As OLAP functions don't allow DISTINCT you need a two-step approach lke this:

 

SELECT
   department_id,
   order_date,
   customer_id,
-- emulating Count(DISTINCT customer_id) Count(first_order_flag) Over (PARTITION BY department_id ORDER BY order_date ROWS Unbounded Preceding) FROM ( SELECT department_id, order_date, customer_id,
-- determine the first order of a customer CASE WHEN Min(order_date) Over (PARTITION BY department_id, customer_id) = order_date
THEN 1
END AS first_order_flag -- or -- CASE WHEN Row_Number() Over (PARTITION BY department_id, customer_id ORDER BY order_date)= 1
-- THEN 1
-- END AS first_order_flag FROM TableA ) AS dt

 

 

Apprentice

Re: How to get historical distinct customer counts partition by department_id and order by order_dat

Hi Wayne,

 

Thanks for that clarification - now (I think!) I understand.

 

Here are two alternatives which both seem to work for the given sample data. They are really just different ways of coding it, take your pick.
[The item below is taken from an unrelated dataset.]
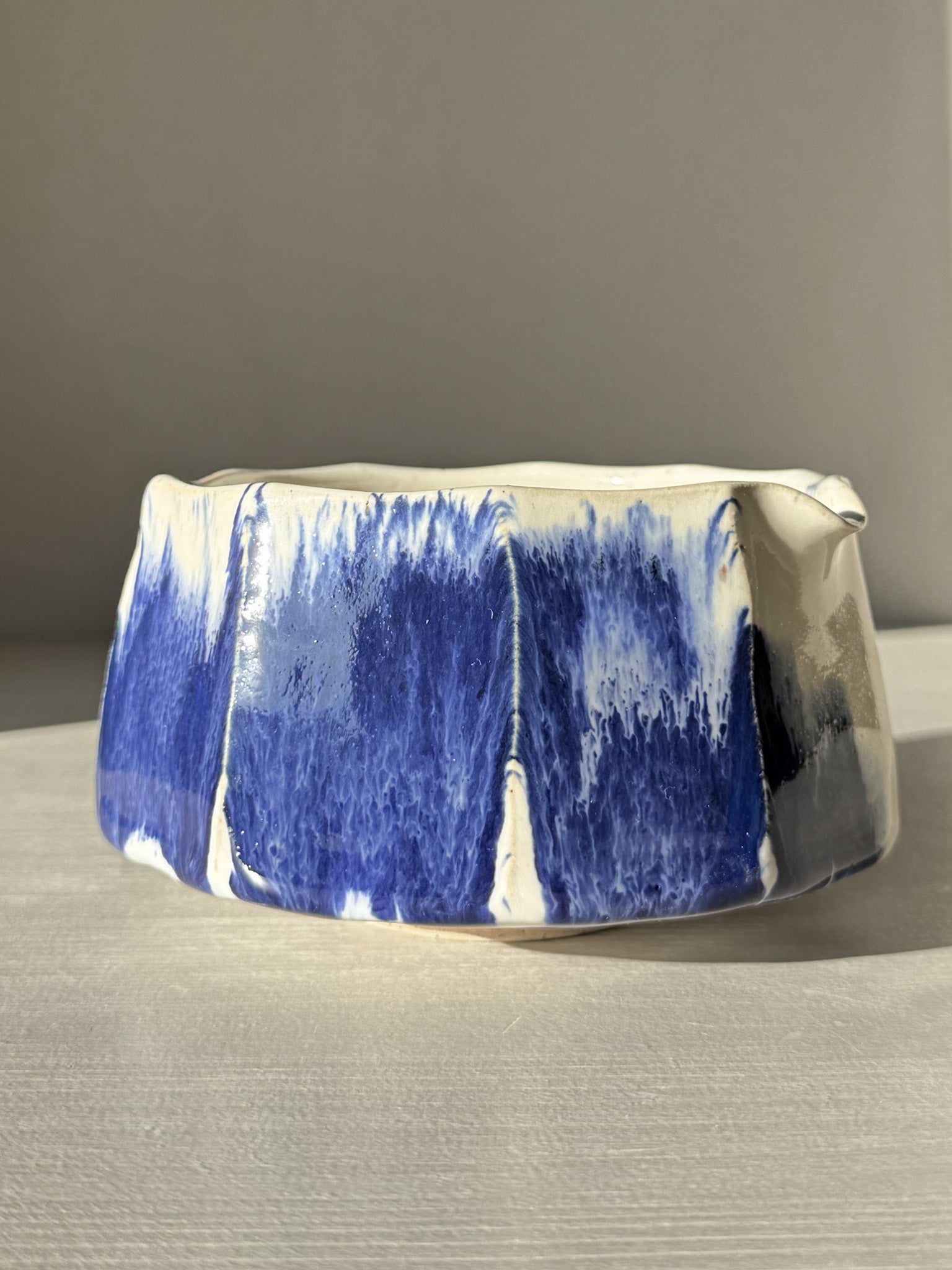 Faceted Matcha Bowl with Spout – White & Blue #02 featuring a unique faceted design with cobalt blue accents on a white glaze.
There are possibly other ways as well.

 

1) Use a derived table

SELECT a.*
   ,SUM(CASE
        WHEN a.order_dt = dt1.first_order THEN 1
	ELSE 0
	END) OVER (PARTITION BY a.department_id ORDER BY a.order_dt, a.customer_id
		   ROWS UNBOUNDED PRECEDING) AS Historical_Uniq_Customer_calc
FROM vt1 AS a
INNER JOIN (SELECT department_id,customer_id,MIN(order_dt) AS first_order
            FROM vt1
	    GROUP BY 1,2) AS dt1
  ON a.department_id = dt1.department_id
    AND a.customer_id = dt1.customer_id;

2) Use a correlated, scalar sub-query

SELECT a.*
   ,SUM(CASE
        WHEN a.order_dt = (SELECT MIN(order_dt) AS first_order FROM vt1 WHERE department_id = a.department_id AND customer_id = a.customer_id) THEN 1
	ELSE 0
	END) OVER (PARTITION BY a.department_id ORDER BY a.order_dt, a.customer_id
		  ROWS UNBOUNDED PRECEDING) AS Historical_Uniq_Customer_calc
FROM vt1 AS a;

HTH

Dave

 

Ward Analytics Ltd - information in motion
www: http://www.ward-analytics.com
Junior Contributor

Re: How to get historical distinct customer counts partition by department_id and order by order_dat

Strange, I added an answer and did edit it and now it seem to be gone :)

 

In addition to Dave's answers, using two OLAP-steps:

 

 

-- emulating a COUNT(DISTINCT customer_id) in two steps: 
SELECT department_id, order_date, customer_id, first_order_flag,
Count(first_order_flag) Over (PARTITION BY department_id ORDER BY order_date ROWS Unbounded Preceding) FROM ( SELECT department_id, order_date, customer_id, -- determine the first order of a customer CASE WHEN Min(order_date) Over (PARTITION BY department_id, customer_id) = order_date THEN 1 END AS first_order_flag -- or -- CASE WHEN Row_Number() Over (PARTITION BY department_id, customer_id ORDER BY order_date)= 1 -- THEN 1 -- END AS first_order_flag FROM TableA ) AS dt

 

Highlighted
Enthusiast

Re: How to get historical distinct customer counts partition by department_id and order by order_dat

Thanks Dave and dnoeth! 

I got it, the key is to identify whether the current order is the first order of a customer!